Systemische Aufstellungen / Familienaufstellungen
Systemische Aufstellungen / Familienaufstellungen – Was ist das?
Systemische Aufstellungen und Familienaufstellungen sind Methoden aus der systemischen Therapie und Beratung. Sie dienen dazu, verborgene Dynamiken, Beziehungen und Konflikte innerhalb eines Systems (z. B. Familie, Partnerschaft, Organisation oder auch des eigenen inneren Systems) sichtbar zu machen. Sie werden häufig in Gruppen durchgeführt.

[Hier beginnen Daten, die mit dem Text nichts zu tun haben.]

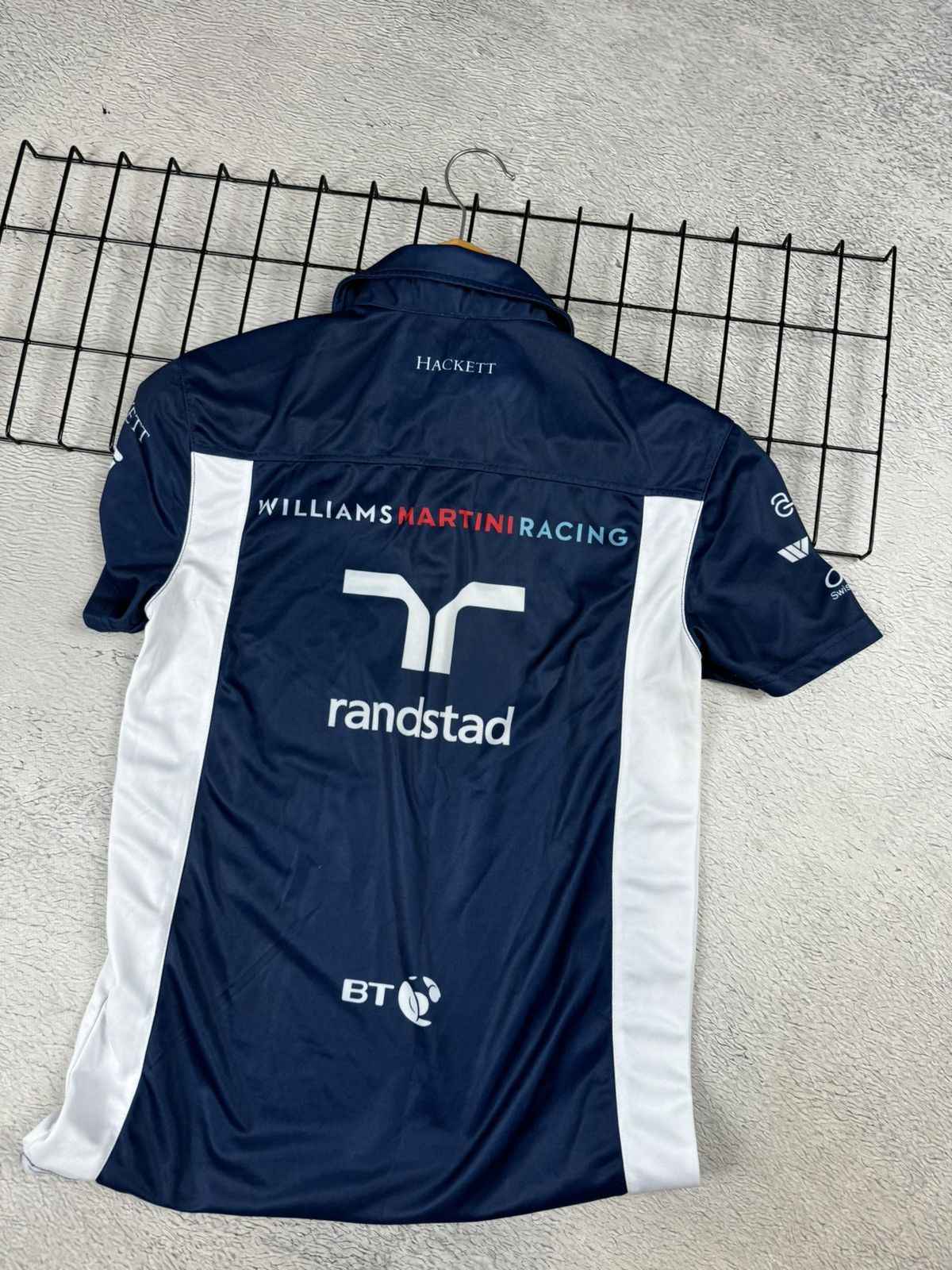 Formula 1 Williams Martini Racing Hackett Mercedes Team F-1 Blokcore Size US XS / EU 42 / 0 - 10 Thumbnail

Dabei werden Personen oder Symbole stellvertretend für Familien- bzw. Systemmitglieder oder andere relevante Elemente im Raum positioniert. Anhand ihrer Anordnung und der wahrgenommenen Gefühle oder Spannungen lassen sich Muster, Verstrickungen oder ungelöste Themen erkennen.
Auch transgenerationale Themen und Verstrickungen können dabei zutage kommen. Solche Altlasten aus früheren Generationen können über Generationen hinweg nach- oder weiterwirken und sich so auch auf die heute lebenden Nachfahren belastend auswirken. Neuere Forschungen aus der Epigenetik liefern hierfür zunehmend plausible Erklärungsansätze.
Das Ziel von systemischen Aufstellungen oder Familienaufstellungen ist es, Unsichtbares sichtbar zu machen, Ungelöstes zu lösen, neue Perspektiven zu gewinnen, Zusammenhänge zu verstehen und Lösungsimpulse für persönliche oder zwischenmenschliche Probleme zu finden. Sinnvoll kann es sein, dies in einem 1:1 Coaching vertieft weiter anzugehen oder es von vornherein darin einzubetten.
Egal, ob du dein eigenes Anliegen aufstellst, dich als Stellvertreter zur Verfügung stellst oder als Beobachter dabei bist – jede Form der Teilnahme kann auf ihre Weise bereichernd sein und wertvolle Erkenntnisse sowie neue Perspektiven eröffnen.
„Wenn Zusammenhänge sichtbar werden, können neue Wege entstehen.“
Dein Interesse ist geweckt? Du hast noch Fragen oder möchtest weitere Infos? Oder du möchtest direkt beim nächsten Termin teilnehmen? (Termine findest du hier: Aktuelles)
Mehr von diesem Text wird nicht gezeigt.